Dans un cas récent, un couple disposant de 2,8 millions de dollars** répartis entre comptes imposables, différés et Roth a adopté une séquence de retrait coordonnée. Cette stratégie a permis d’anticiper des économies d’impôt à vie de plus de 340 000 $** comparé à un retrait proportionnel standard, préservant ainsi du capital pour la flexibilité future, les besoins familiaux et la sécurité financière à long terme.
Le transfert de patrimoine : profiter de la étape-up de base
L’un des avantages fiscaux les plus puissants – et pourtant souvent méconnu – est la step‑up in basis (augmentation de la base au décès). Lorsqu’un actif apprécié est transmis à un héritier, sa base de coût est réinitialisée à la juste valeur marchande à la date du décès, effaçant ainsi les plus‑values latentes aux fins de l’impôt sur les gains en capital.
Un exemple concret : un client avait acheté des actions pour environ 18 000 $** dans les années 1990. Au moment de son décès, ces mêmes actions valaient plus de 3 millions de dollars**. Grâce à la step‑up, ses héritiers ont pu les vendre sans devoir payer d’impôt sur près de 3 millions de dollars d’appréciation**, préservant ainsi plusieurs centaines de milliers de dollars de patrimoine familial.
Ce principe s’applique également à la philanthropie. Le don direct d’actions appréciées à un organisme de bienfaisance élimine l’impôt sur les gains en capital tout en générant une déduction pour la juste valeur marchande. De même, les distributions caritatives qualifiées (QCD) provenant d’un IRA permettent aux retraités de satisfaire leurs RMD sans augmenter leur revenu imposable.

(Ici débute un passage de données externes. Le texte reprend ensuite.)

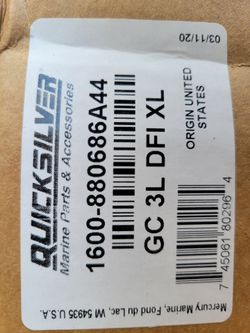 Mercury 225 Lower End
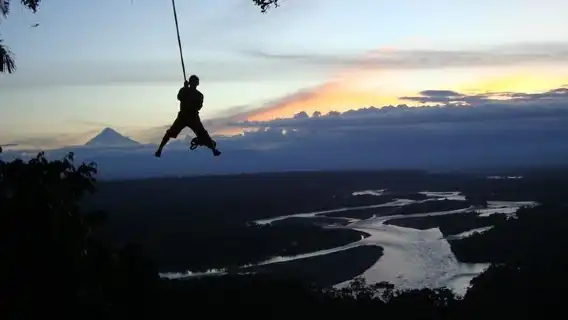 Visit the Ecuadorian Amazon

Se concentrer sur le rendement après impôts : la marque des investisseurs d’élite
Beaucoup d’investisseurs choisissent la voie la plus simple parce qu’elle semble plus sûre. Toutefois, la simplicité peut entraîner un coût caché : un paiement d’impôt inutile qui réduit la capacité de capitalisation, limite les objectifs futurs et diminue le patrimoine transmissible à la prochaine génération.
Les entrepreneurs qui réussissent appliquent déjà cette logique dans leurs opérations : ils optimisent les processus, allouent les ressources avec précision et recherchent constamment des gains d’efficacité. Transposer cet état d’esprit à la gestion de portefeuille signifie poser la question fondamentale : « Quel rendement ai-je conservé après impôts ? » plutôt que simplement « Quel rendement ai-je gagné ? ».
Au fil du temps, cette différence de perspective se traduit par un avantage substantiel, comme le montre l’écart de 28 % observé sur deux décennies. En intégrant la planification fiscale proactive, l’emplacement stratégique des actifs, la récolte des pertes, une séquence de retrait réfléchie et l’utilisation de la step‑up, les investisseurs fortunés peuvent non seulement protéger, mais aussi accroître leur richesse de manière durable et conforme aux meilleures pratiques fiscales.